James discusses priorities with Stuttgart-area Airmen

  • Published
  • By U.S. Africa Command Office of Public Affairs
Air Force Secretary Deborah Lee James met with senior leaders and Airmen during a visit to U.S. Africa Command Nov. 18.

The visit to AFRICOM was the culmination of a weeklong trip where James made stops in Morocco, Egypt and Djibouti, among other locations.

Throughout the day, James met with AFRICOM senior leaders and was briefed on a variety of missions and programs.
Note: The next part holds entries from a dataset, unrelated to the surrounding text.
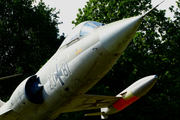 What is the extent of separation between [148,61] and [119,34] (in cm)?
1185

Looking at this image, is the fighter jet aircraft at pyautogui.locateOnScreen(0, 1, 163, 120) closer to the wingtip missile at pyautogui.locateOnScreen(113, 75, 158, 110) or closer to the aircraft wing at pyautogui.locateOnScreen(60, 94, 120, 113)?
the aircraft wing at pyautogui.locateOnScreen(60, 94, 120, 113)

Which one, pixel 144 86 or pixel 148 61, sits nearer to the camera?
pixel 144 86

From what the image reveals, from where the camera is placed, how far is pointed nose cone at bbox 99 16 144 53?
15.8 feet

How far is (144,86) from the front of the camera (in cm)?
863

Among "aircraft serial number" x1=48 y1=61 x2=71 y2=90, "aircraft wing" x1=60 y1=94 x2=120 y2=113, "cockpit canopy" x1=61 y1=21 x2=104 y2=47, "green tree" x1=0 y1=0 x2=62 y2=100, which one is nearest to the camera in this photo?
"cockpit canopy" x1=61 y1=21 x2=104 y2=47

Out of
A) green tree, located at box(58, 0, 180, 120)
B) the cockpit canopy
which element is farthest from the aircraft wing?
green tree, located at box(58, 0, 180, 120)

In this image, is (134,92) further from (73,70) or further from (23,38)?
(23,38)

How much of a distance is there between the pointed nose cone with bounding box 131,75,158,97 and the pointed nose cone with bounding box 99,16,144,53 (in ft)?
12.6

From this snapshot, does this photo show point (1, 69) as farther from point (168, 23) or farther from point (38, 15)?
point (168, 23)

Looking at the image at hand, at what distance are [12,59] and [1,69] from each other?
2.77 meters

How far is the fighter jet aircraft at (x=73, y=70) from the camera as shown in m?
5.04

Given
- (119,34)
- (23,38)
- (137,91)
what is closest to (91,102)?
(137,91)

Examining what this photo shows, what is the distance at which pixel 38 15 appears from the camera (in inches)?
978

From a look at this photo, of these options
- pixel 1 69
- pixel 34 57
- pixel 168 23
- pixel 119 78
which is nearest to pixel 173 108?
pixel 119 78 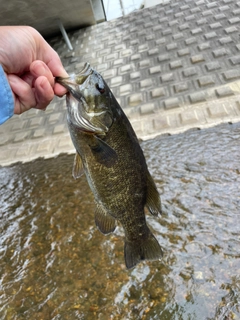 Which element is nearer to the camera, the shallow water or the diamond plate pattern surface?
the shallow water

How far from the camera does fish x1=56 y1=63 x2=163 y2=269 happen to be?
62.2 inches

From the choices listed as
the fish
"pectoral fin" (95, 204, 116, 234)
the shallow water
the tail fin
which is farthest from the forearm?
the shallow water

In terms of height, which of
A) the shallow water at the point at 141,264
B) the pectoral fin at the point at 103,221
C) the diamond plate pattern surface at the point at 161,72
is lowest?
the diamond plate pattern surface at the point at 161,72

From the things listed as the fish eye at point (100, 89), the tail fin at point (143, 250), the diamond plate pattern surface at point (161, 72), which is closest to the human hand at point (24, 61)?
the fish eye at point (100, 89)

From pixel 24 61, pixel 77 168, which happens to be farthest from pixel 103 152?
pixel 24 61

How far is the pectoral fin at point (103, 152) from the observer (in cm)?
154

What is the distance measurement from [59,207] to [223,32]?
17.5 ft

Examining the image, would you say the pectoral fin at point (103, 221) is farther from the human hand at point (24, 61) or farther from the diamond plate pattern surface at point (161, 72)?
the diamond plate pattern surface at point (161, 72)

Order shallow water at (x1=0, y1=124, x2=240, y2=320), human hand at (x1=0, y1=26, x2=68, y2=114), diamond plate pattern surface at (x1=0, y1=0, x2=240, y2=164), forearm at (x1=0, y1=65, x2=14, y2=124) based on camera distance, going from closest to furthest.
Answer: forearm at (x1=0, y1=65, x2=14, y2=124) → human hand at (x1=0, y1=26, x2=68, y2=114) → shallow water at (x1=0, y1=124, x2=240, y2=320) → diamond plate pattern surface at (x1=0, y1=0, x2=240, y2=164)

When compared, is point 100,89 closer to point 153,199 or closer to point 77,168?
point 77,168

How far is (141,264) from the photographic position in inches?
106

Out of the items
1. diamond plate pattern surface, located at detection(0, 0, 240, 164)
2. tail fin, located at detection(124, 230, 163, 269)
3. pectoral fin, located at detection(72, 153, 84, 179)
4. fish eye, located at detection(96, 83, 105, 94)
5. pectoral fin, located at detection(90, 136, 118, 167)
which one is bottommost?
diamond plate pattern surface, located at detection(0, 0, 240, 164)

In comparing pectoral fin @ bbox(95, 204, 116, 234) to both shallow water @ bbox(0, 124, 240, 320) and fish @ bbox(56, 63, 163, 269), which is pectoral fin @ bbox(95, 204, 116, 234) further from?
shallow water @ bbox(0, 124, 240, 320)

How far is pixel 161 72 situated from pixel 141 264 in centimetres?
455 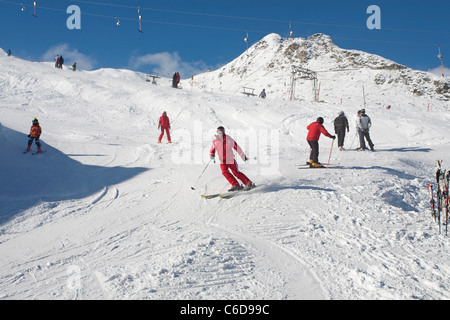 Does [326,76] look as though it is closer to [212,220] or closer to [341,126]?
[341,126]

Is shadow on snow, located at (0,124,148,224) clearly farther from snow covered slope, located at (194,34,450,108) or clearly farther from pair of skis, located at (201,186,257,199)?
snow covered slope, located at (194,34,450,108)

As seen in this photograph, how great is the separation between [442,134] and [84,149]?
19628mm

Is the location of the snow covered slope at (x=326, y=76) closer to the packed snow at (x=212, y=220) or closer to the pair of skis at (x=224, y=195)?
the packed snow at (x=212, y=220)

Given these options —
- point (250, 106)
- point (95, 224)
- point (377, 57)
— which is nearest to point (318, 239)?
point (95, 224)

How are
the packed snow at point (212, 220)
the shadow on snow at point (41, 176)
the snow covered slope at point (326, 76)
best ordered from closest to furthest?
the packed snow at point (212, 220)
the shadow on snow at point (41, 176)
the snow covered slope at point (326, 76)

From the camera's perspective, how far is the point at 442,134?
17969 millimetres

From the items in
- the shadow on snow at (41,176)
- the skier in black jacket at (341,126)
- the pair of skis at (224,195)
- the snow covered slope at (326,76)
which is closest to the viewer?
the pair of skis at (224,195)

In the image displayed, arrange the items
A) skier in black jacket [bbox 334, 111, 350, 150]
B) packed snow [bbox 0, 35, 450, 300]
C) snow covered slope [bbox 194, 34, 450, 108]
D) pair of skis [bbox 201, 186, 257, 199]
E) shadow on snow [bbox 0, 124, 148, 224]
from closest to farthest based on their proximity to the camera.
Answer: packed snow [bbox 0, 35, 450, 300], pair of skis [bbox 201, 186, 257, 199], shadow on snow [bbox 0, 124, 148, 224], skier in black jacket [bbox 334, 111, 350, 150], snow covered slope [bbox 194, 34, 450, 108]

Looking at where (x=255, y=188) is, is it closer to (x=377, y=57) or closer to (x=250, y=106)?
(x=250, y=106)

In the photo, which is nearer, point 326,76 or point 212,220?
point 212,220

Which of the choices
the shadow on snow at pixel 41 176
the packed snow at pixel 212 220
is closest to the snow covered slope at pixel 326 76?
the packed snow at pixel 212 220

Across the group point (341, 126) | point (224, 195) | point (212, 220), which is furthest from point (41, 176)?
point (341, 126)

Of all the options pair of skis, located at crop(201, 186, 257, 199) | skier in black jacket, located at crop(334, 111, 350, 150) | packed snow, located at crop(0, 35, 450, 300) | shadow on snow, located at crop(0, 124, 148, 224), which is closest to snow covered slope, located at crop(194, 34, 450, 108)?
skier in black jacket, located at crop(334, 111, 350, 150)

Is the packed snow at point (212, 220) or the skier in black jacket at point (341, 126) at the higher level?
the skier in black jacket at point (341, 126)
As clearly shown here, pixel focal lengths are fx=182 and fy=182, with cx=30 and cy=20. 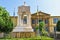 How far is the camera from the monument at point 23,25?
26375 mm

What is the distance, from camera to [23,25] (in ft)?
90.9

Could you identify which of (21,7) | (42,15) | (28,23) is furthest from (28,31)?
(42,15)

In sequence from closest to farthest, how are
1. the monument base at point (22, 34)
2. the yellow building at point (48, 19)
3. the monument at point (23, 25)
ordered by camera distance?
the monument base at point (22, 34) → the monument at point (23, 25) → the yellow building at point (48, 19)

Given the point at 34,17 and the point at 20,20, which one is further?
the point at 34,17

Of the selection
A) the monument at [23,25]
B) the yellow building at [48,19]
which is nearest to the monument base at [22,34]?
the monument at [23,25]

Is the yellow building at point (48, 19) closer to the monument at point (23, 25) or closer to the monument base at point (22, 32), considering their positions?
the monument at point (23, 25)

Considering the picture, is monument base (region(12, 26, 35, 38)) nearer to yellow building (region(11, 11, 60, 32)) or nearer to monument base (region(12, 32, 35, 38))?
monument base (region(12, 32, 35, 38))

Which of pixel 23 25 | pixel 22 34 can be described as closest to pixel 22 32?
pixel 22 34

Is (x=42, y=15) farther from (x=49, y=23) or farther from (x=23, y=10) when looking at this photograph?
(x=23, y=10)

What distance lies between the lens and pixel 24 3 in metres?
27.3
But it was a luncheon with about 30 Airmen from across the Stuttgart community that gave James the kind of opportunity she enjoys most about her job: a chance to be engaged with the men and women with whom she proudly serves.

“It’s an honor to be here today so I can thank you for all you do in support of our military, because what you’re doing is making a difference,” James said.

Following the luncheon, James met with about 150 Airmen from AFRICOM, U.S. European Command, and Special Operations Commands Europe and Africa during an Airmen’s Call where she addressed questions from the attendees and talked Air Force priorities.

James took time to bring the Airmen up-to-date on the accomplishments and insights she gleaned during a fruitful trip that included visits with senior leaders in Morocco, a first-ever stop at Combined Joint Task Force-Horn of Africa in Djibouti, and completion of the delivery of F-16 Fighting Falcons and an AH-64 Apache gunship to Egypt.

She based the rest of her discussion around her top three priorities: taking care of people, getting the right balance for what we need today and for tomorrow, and making every budget dollar count.

“It’s challenging when you don’t know what your budget is going to be,” James said, “but we are now fairly certain that we will soon have a two-year budget agreement … and this means stability.”

James also praised Airmen for keeping the Air Force strong despite it being the smallest it has ever been.

“We’re the smallest Air Force we’ve been since the 1990s, and the average age of our aircraft is 28 years, and still, we remain a global power,” she said.